No doubt she will be reflecting on what has been a momentous year for her and William personally, but it has also been a year in which William’s wisdom in rejecting the royal norms and marrying a commoner has been utterly vindicated in terms of the Royal family’s brand.
It should not be forgotten how brave a decision that was of William to make, and for the Queen to allow. There was significant opposition to the idea of Queen Kate – the daughter of an airline pilot and an air hostess with a token black sheep uncle – from the old guard in the establishment and the palace, but almost all of that aversion has now quietly melted away in the face of Kate's success.
The fact that Kate’s first born turned out to be a boy after all helped, of course. It shouldn't have done, but it did, with the traditionalists relieved that fate intervened to make sure massive changes to the constituion were not, after all, immediately neccesary.
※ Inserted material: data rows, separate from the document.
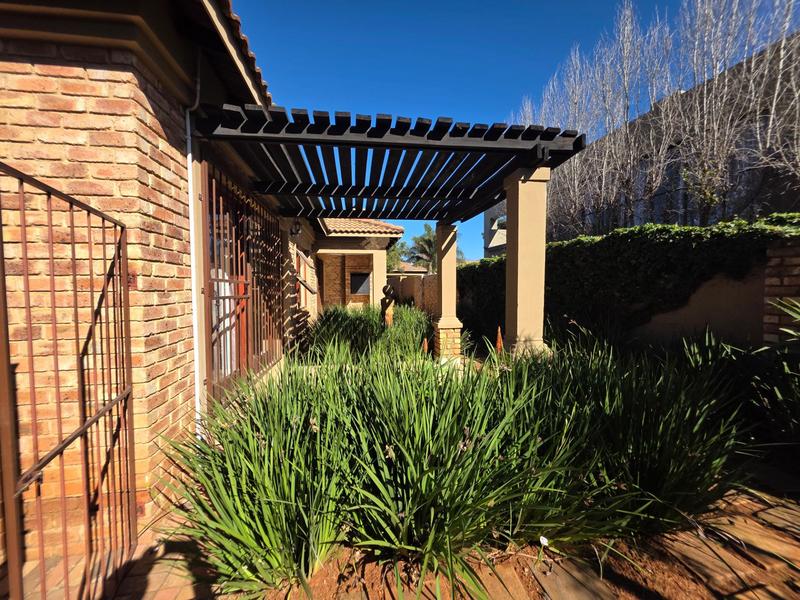 3 Bedroom Property for Sale in Terenure Gauteng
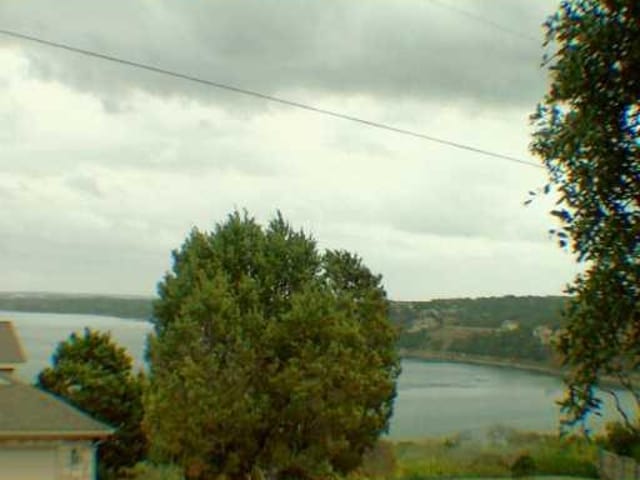 HIGHLANDS DR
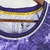 Los Angeles Lakers - Select Series Tie Dye 2023 - Masculina - Mesclado Roxo - loja online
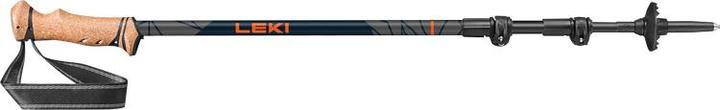 Produktbild Leki Legacy Lite (100 - 135 cm)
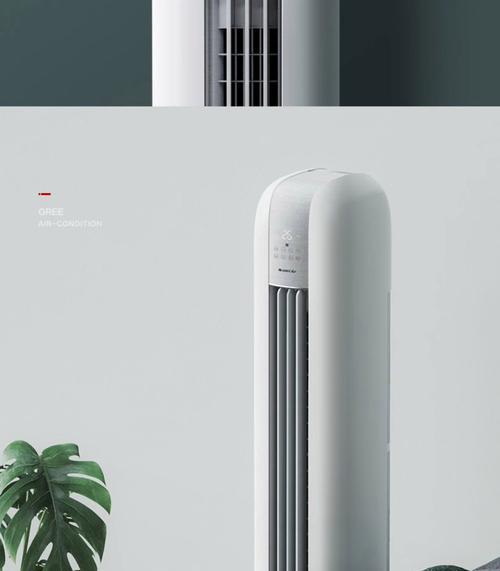 选择何种品牌空调最优（从性价比）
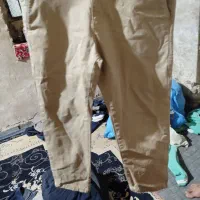 شلوار لی|حراج|زاهدان, |دیوار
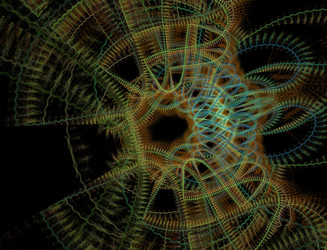 Similar image 22286065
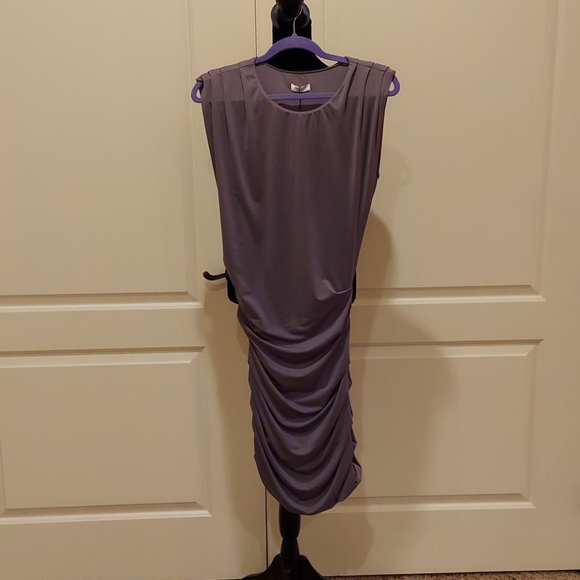 Cocktail dress - Picture 1 of 5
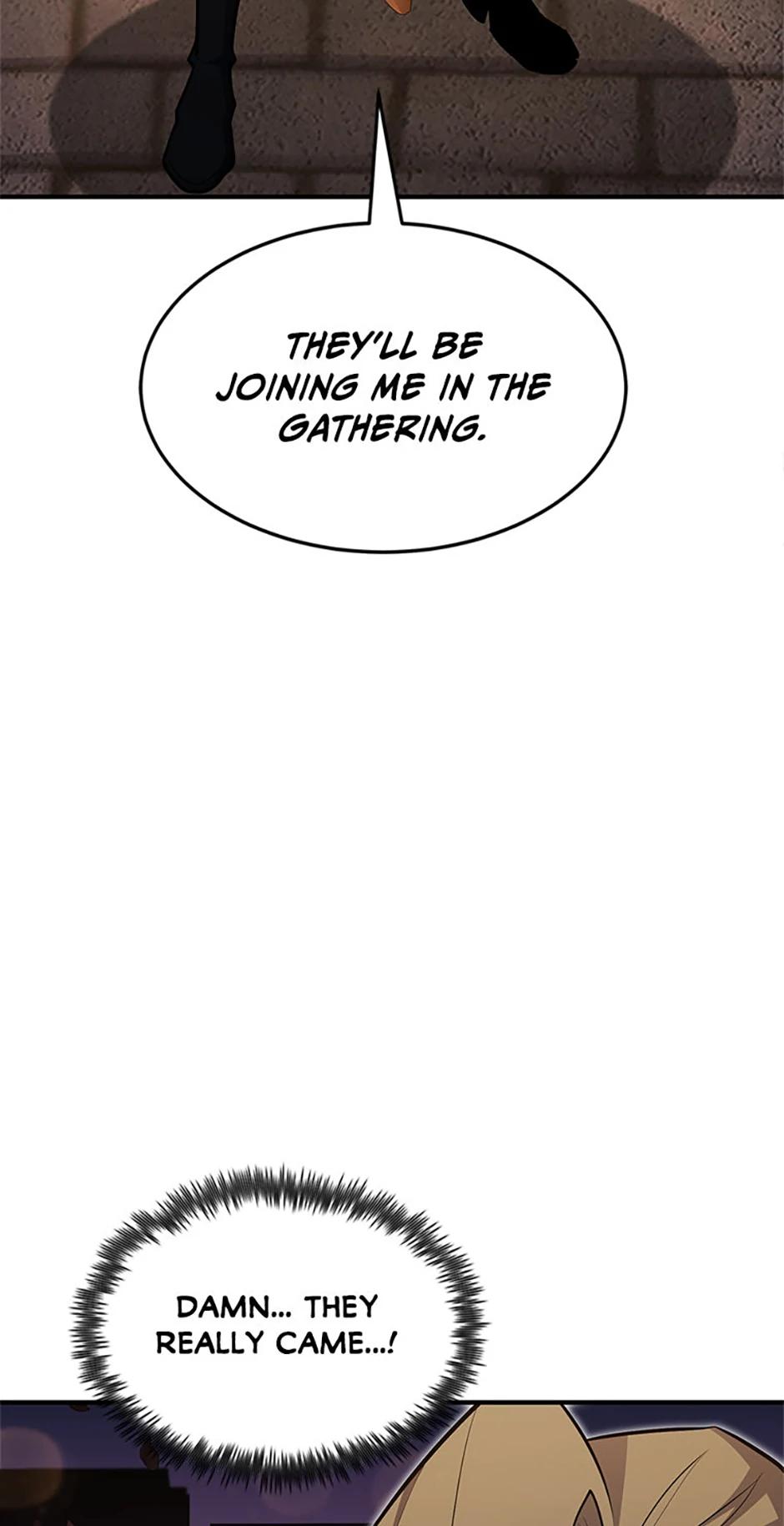 Read The Art of Reincarnation EN Manga Online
The year was of course dominated by the birth of Prince George in July, and since then Kate has maintained a distinctly lower profile, making only a handful of public appearances for particularly favoured charities - including one notable game of volley ball just a few weeks after the birth during which she inadvertently flashed a super-toned post-baby tummy. As Kate has grown in confidence, her staff at Kensington Palace have also embarked on a deliberate strategy that when Kate does make an appearance, she increasingly does so on her own.
William has been quiet as well – too quiet some in the British press pack have been grumbling – determined to ignore criticism of his controversial decision to take a ‘year off’ and spend a significant amount of time with his new family. The course on which he is now enrolled at Cambridge is at least part of the answer to why he took a transition year after leaving the army, as is the almost month-long tour of Australia that he and Kate will set off on in March, as soon as the course finishes.
It seems certain that, later this year, Kate will try to get pregnant again. The royal family prefer summer birthdays, so the Royalist suspects an announcement will be made towards the end of the year, although given Kate’s age, the couple could try to add to their brood sooner. If they left 18 months between their first two children, that might mean the couple would think about getting pregnant again in March or April.
The rumour is that Prince George was conceived on the royal tour of Singapore when Kate and William were photographed toasting with water. Might a second baby be made in Australia?